> _Your instructions_
Retype the listing below line for line, but only from the line with "漫画《蓝色监狱 BLUE LOCK》290 BLUE BAD BOY第14张图" down to the line with "Hongsen brand solenoid", inclusive. Pictures stay out.

> _Supplied data_
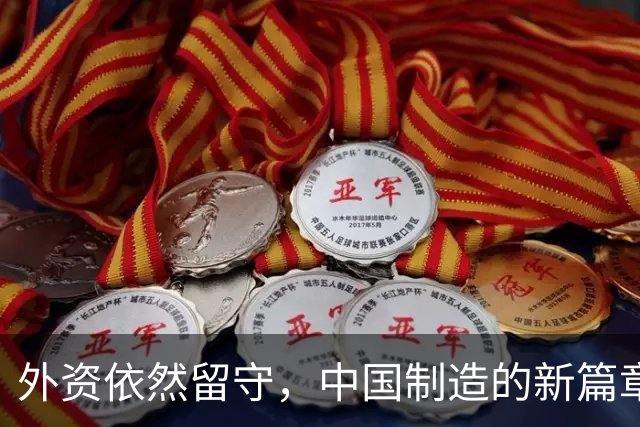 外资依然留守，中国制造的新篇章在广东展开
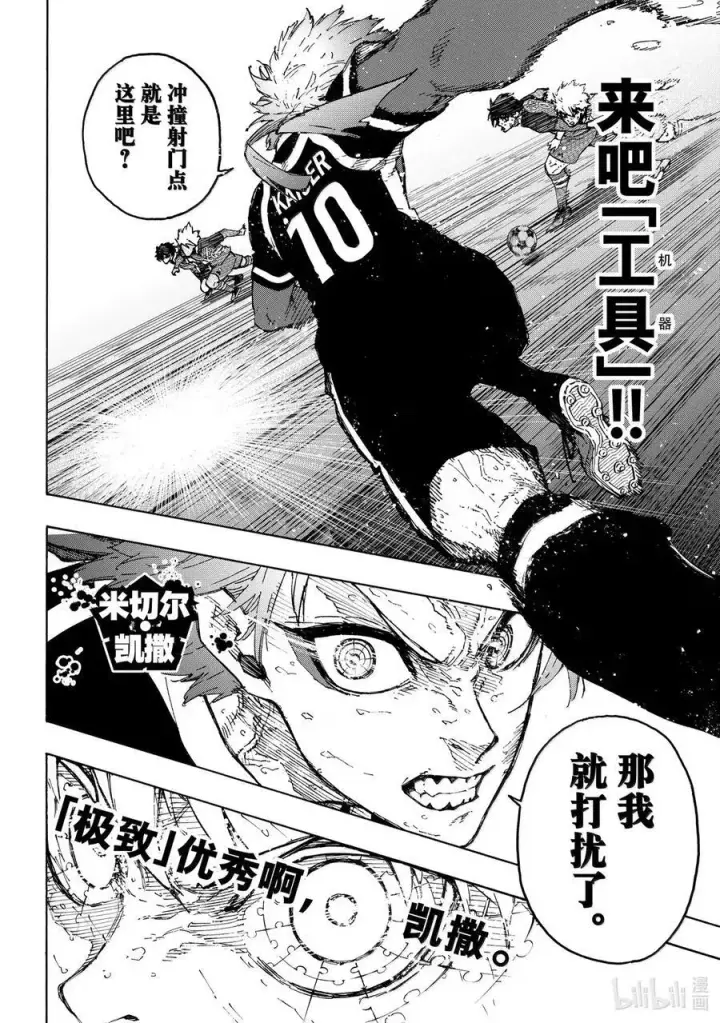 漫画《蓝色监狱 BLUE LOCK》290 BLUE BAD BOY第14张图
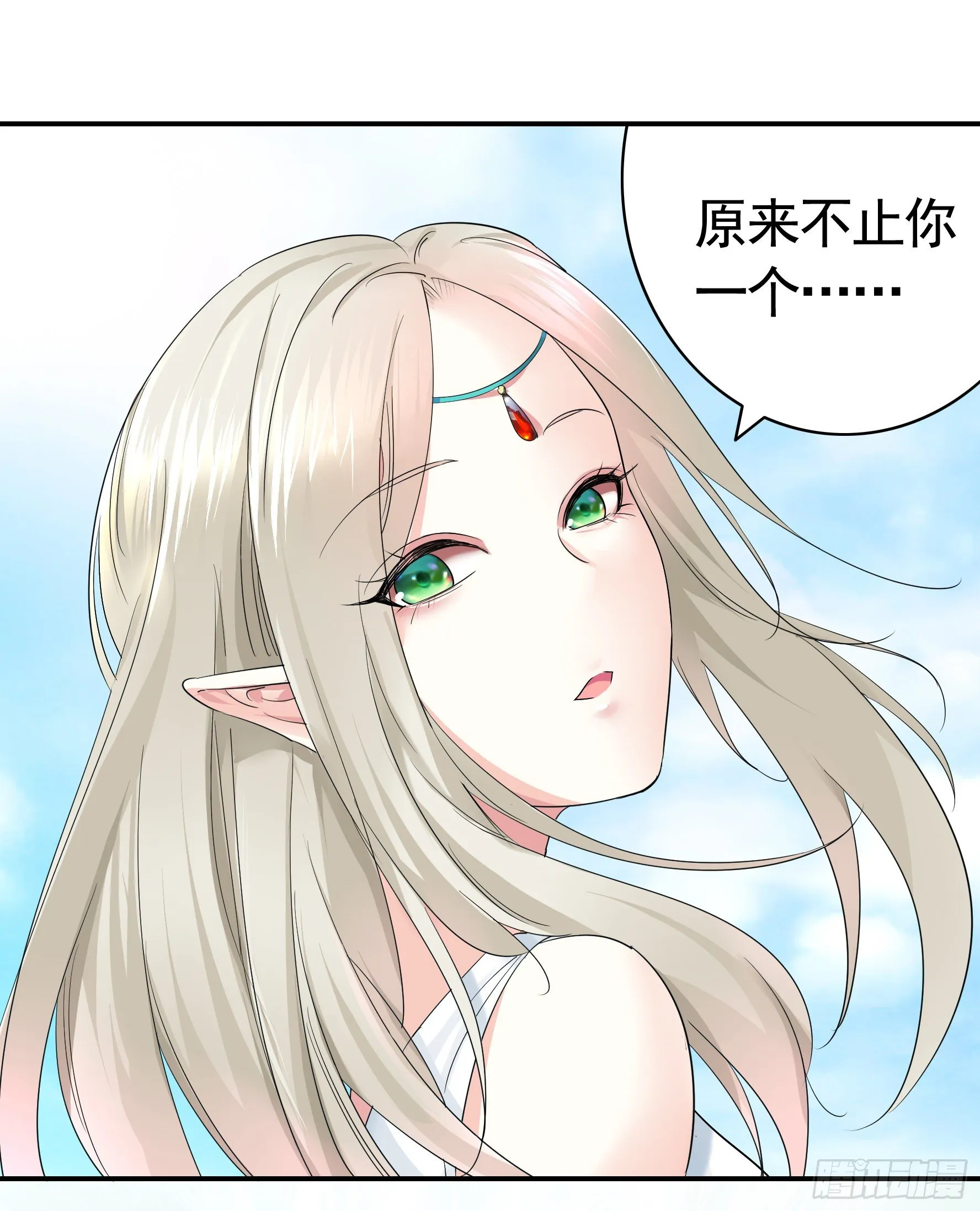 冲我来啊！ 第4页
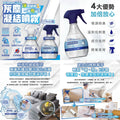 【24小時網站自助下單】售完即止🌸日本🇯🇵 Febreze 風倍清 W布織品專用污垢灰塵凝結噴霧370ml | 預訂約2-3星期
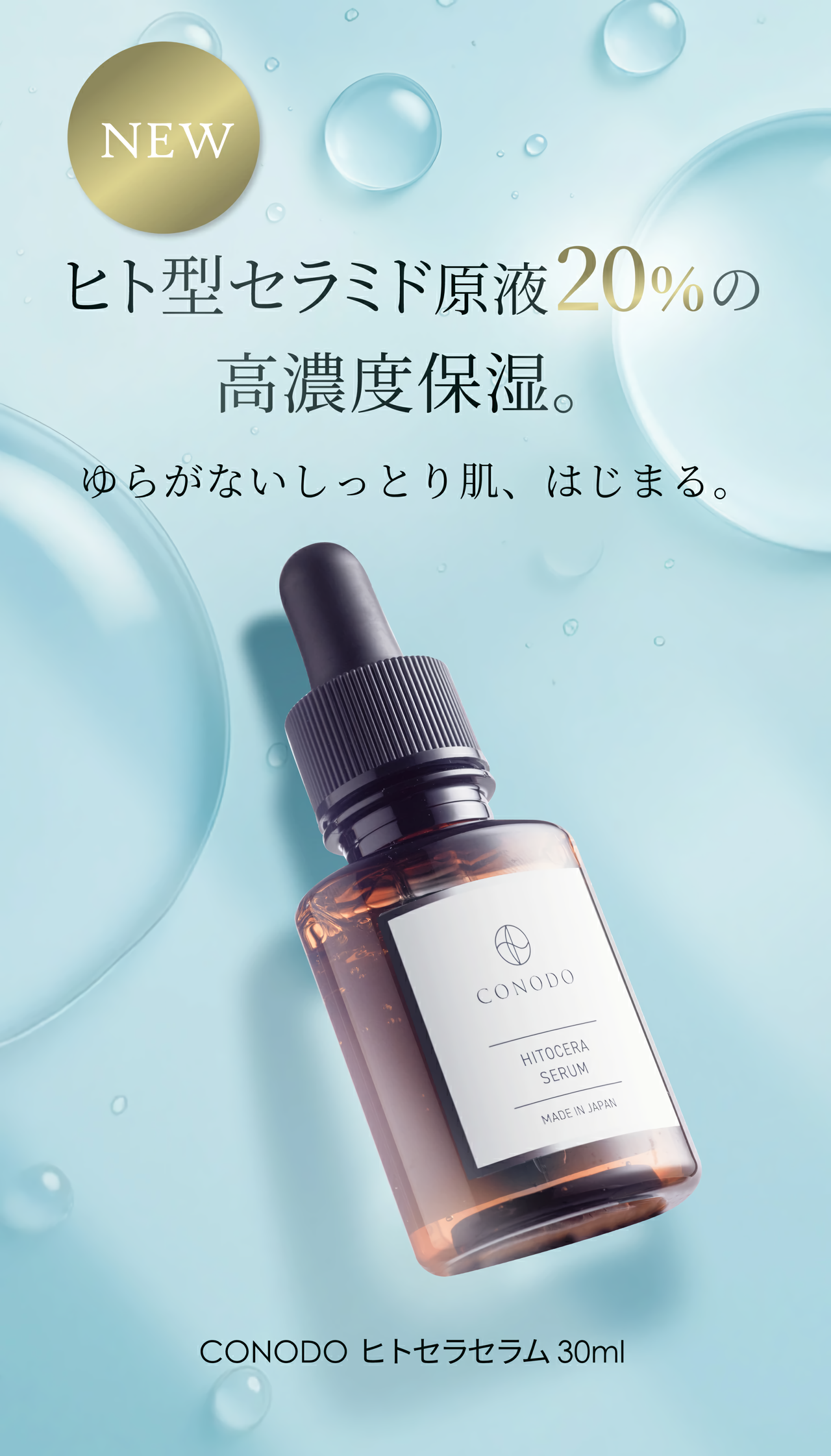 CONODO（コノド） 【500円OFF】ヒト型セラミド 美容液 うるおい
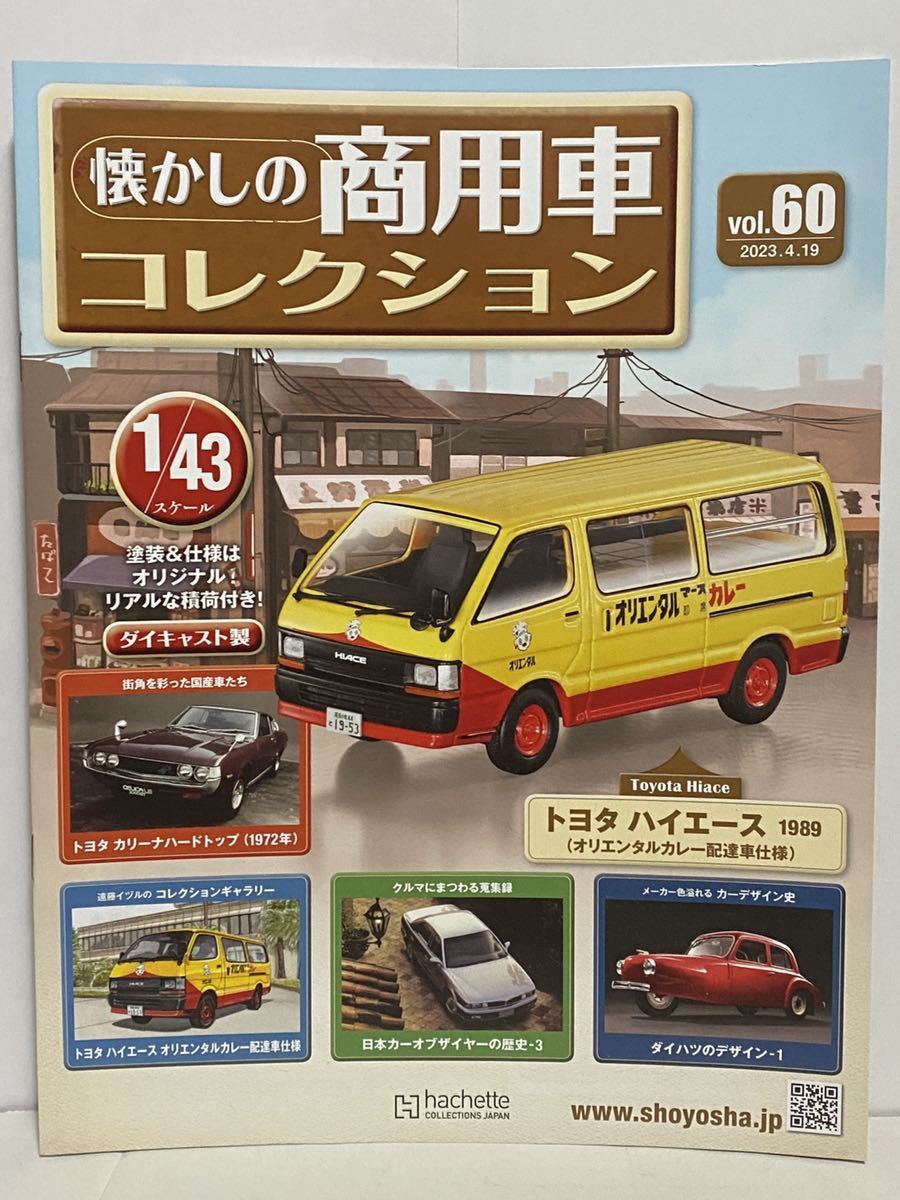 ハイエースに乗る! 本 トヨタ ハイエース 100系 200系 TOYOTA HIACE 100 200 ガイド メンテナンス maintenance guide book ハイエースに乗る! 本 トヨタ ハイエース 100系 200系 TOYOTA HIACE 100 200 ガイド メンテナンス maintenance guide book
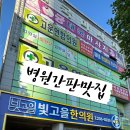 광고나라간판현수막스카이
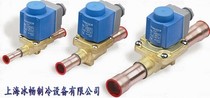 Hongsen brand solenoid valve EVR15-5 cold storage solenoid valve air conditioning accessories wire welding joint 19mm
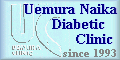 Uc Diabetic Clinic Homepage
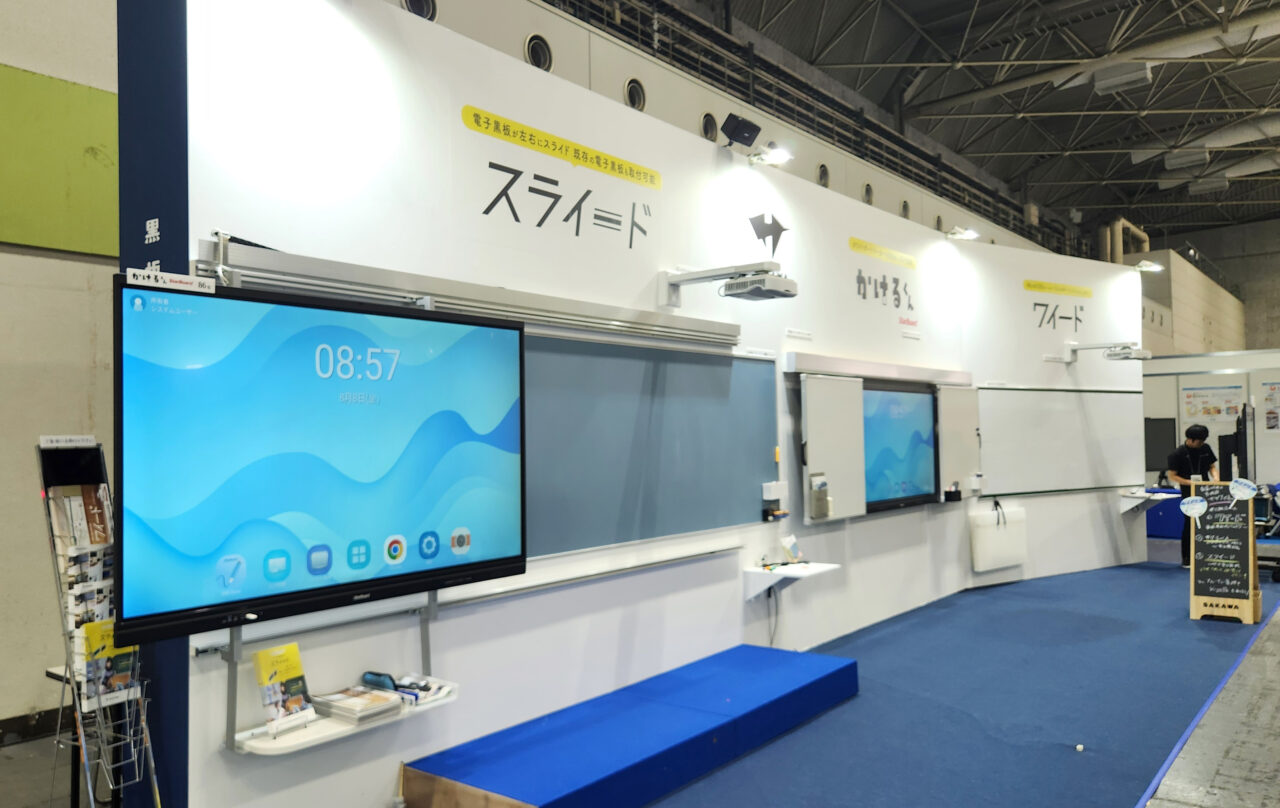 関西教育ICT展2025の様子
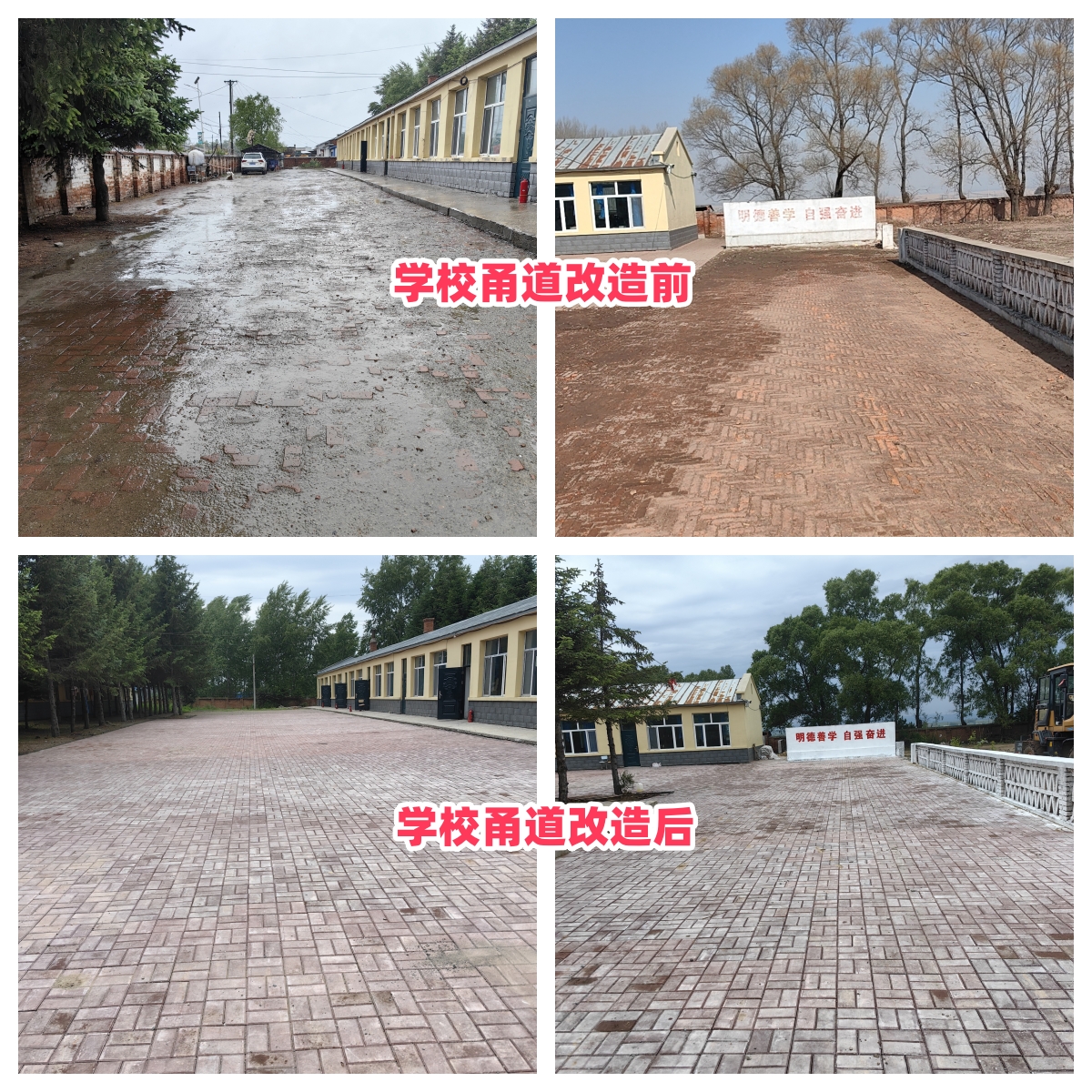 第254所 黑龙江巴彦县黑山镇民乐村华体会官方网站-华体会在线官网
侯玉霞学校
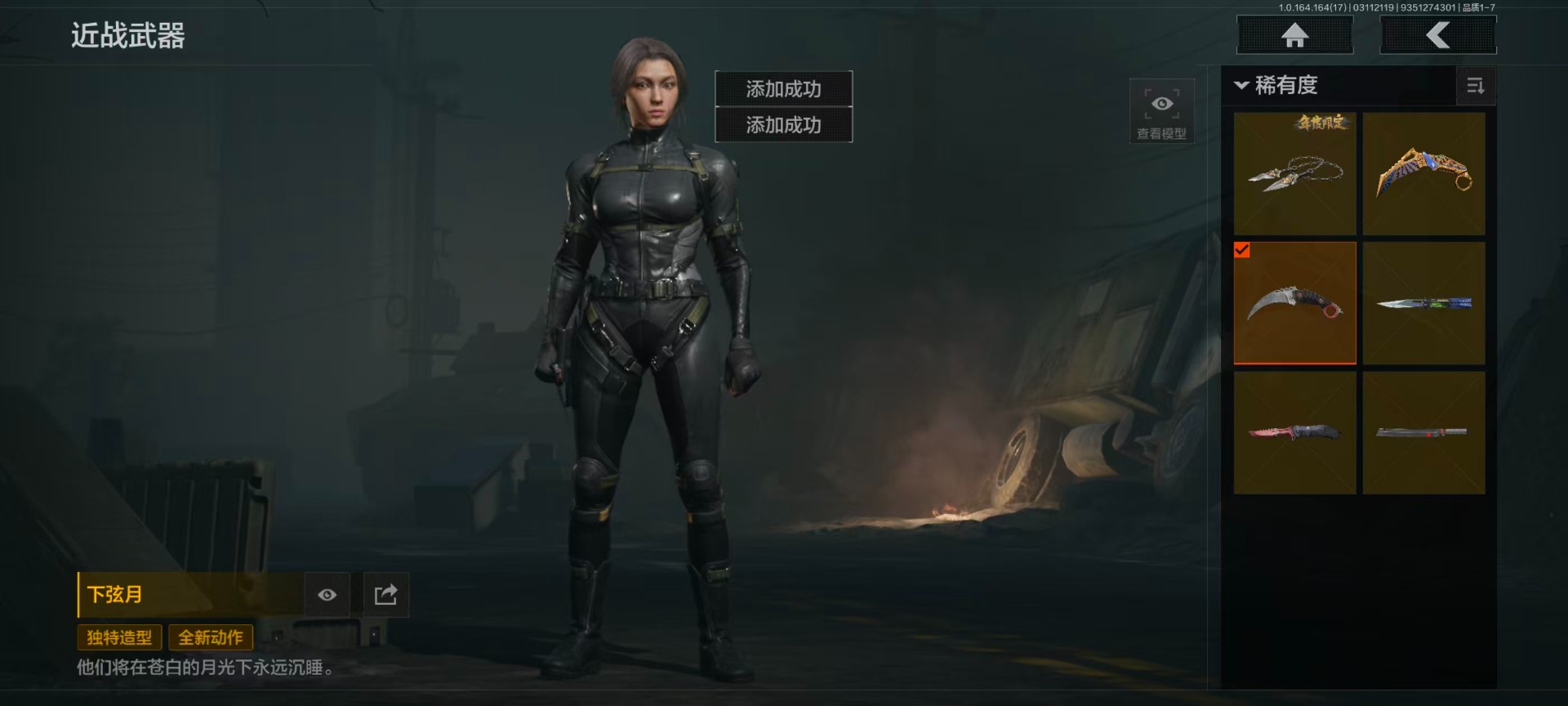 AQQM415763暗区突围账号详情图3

> _Task result_
 漫画《蓝色监狱 BLUE LOCK》290 BLUE BAD BOY第14张图
 冲我来啊！ 第4页
 【24小時網站自助下單】售完即止🌸日本🇯🇵 Febreze 風倍清 W布織品專用污垢灰塵凝結噴霧370ml | 預訂約2-3星期
 CONODO（コノド） 【500円OFF】ヒト型セラミド 美容液 うるおい
 ハイエースに乗る! 本 トヨタ ハイエース 100系 200系 TOYOTA HIACE 100 200 ガイド メンテナンス maintenance guide book ハイエースに乗る! 本 トヨタ ハイエース 100系 200系 TOYOTA HIACE 100 200 ガイド メンテナンス maintenance guide book
 광고나라간판현수막스카이
 Hongsen brand solenoid valve EVR15-5 cold storage solenoid valve air conditioning accessories wire welding joint 19mm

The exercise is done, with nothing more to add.